Researchers believe that an eye test could one day be used to diagnose Alzheimer’s disease decades before symptoms generally appear. Previous research has indicated that a specific protein that affect the brains of those diagnosed with Alzheimer’s could also affect the retina of the eye. New research is indicating that the initial signs of Alzheimer’s could be detected using equipment similar to what is already available in most eye doctors’ offices.
For the latest study, the researchers were operating on the premise that since the retina and central nervous system are interconnected, the cells of the retina can reflect changes in the brain. They recruited 30 adults, all in their mid-70s, who showed no signs of dementia and tested them for biomarkers of preclinical Alzheimer’s disease. As part of the testing, each patient received an optical coherence tomographic angiography examination, which showed the researchers the vasculature of the eye.
The researchers found that nearly half of the participants showed biomarkers of Alzheimer’s disease from the testing, including elevated levels of the Alzheimer’s proteins amyloid or tau. The researchers also found thinning in the retina, which had been previously linked to Alzheimer’s through autopsies. The results of the study were published in the Journal of the American Medical Association Ophthalmology.
Close to 50 million people around the globe are living with dementia, of which Alzheimer’s disease is the most common form. The neurodegenerative disease affects 5.7 million people in America. While brain damage from Alzheimer’s can begin up to two decades before signs of memory loss appear, once the condition has taken hold, there is no cure.

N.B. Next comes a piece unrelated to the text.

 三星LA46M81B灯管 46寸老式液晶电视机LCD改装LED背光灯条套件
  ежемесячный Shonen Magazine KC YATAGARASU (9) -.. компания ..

Some of the symptoms of Alzheimer’s disease are reversible and treatable with drug interventions if the condition is detected early enough. Unfortunately, there is currently no one reliable biological test for the disease. The diagnostic methods currently in use, such as a cerebrospinal fluid test, are invasive and expensive. An effective eye test could give patients and doctors similar information in a matter of minutes at a fraction of the cost.